Les caribous constituent l’espèce de grand mammifère terrestre la plus répandue de l’Arctique et représentent une source alimentaire essentielle pour de nombreuses communautés autochtones. Ils accomplissent en outre les plus longues migrations saisonnières de tous les animaux terrestres, sur plusieurs centaines de kilomètres. Il est frappant de constater qu’ils n’empruntent pas les mêmes routes chaque année.
Afin de comprendre les causes de cette flexibilité, une équipe de recherche dirigée par Eliezer Gurarie, professeur à la State University of New York, a étudié, en collaboration avec le National Park Service, la harde de caribous de l’ouest de l’Arctique. Sur une période de onze ans (2009–2020), plus de 300 femelles ont été suivies à l’aide de balises GPS. La zone d’étude couvrait environ 360 000 kilomètres carrés dans le nord-ouest de l’Alaska.
L’analyse a montré que le lieu d’hivernage dépend largement des conditions météorologiques. Lors d’hivers doux et venteux, les caribous survivaient plus souvent au sud de la rivière Kobuk, tandis que durant des hivers plus enneigés et plus calmes, de meilleures conditions prévalaient au nord du fleuve. Chaque année, les animaux décidaient à nouveau s’ils traverseraient la rivière, apparemment sur la base des expériences antérieures de la harde.
«Un animal mort, par définition, ne se souvient de rien», explique Gurarie. «Mais les conditions environnementales qui ont entraîné de moindres chances de survie demeurent dans la mémoire collective de la harde.»

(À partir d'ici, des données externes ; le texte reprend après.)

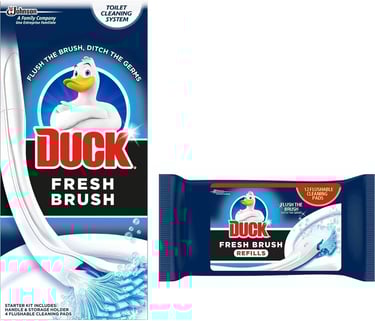 a ducky cleaning products package with a ducky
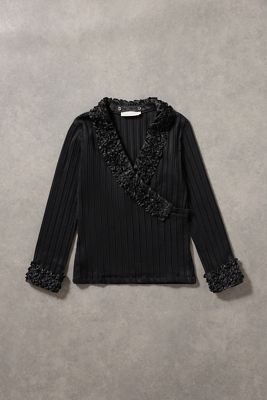 Urban Renewal One-Of-A-Kind Rayure Paris Black Plisse Shirt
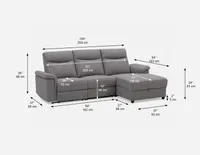 ROGER left-facing power-reclining sectional sofa with storage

Les résultats montrent que les caribous ne se contentent pas de reconnaître les risques : ils transmettent socialement leurs connaissances et les utilisent pour prendre des décisions communes. Cet apprentissage collectif réduit le risque de mortalité individuelle et augmente les chances de survie de l’ensemble de la harde.

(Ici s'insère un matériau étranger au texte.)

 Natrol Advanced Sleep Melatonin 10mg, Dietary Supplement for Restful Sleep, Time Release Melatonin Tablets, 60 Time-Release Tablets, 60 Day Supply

Étant donné que l’Arctique se réchauffe plus rapidement que presque toutes les autres régions du monde, ce comportement pourrait être décisif pour l’avenir de l’espèce. L’étude révèle que les processus d’apprentissage social chez les animaux sauvages constituent un facteur jusqu’ici sous-estimé de leur capacité d’adaptation au changement climatique.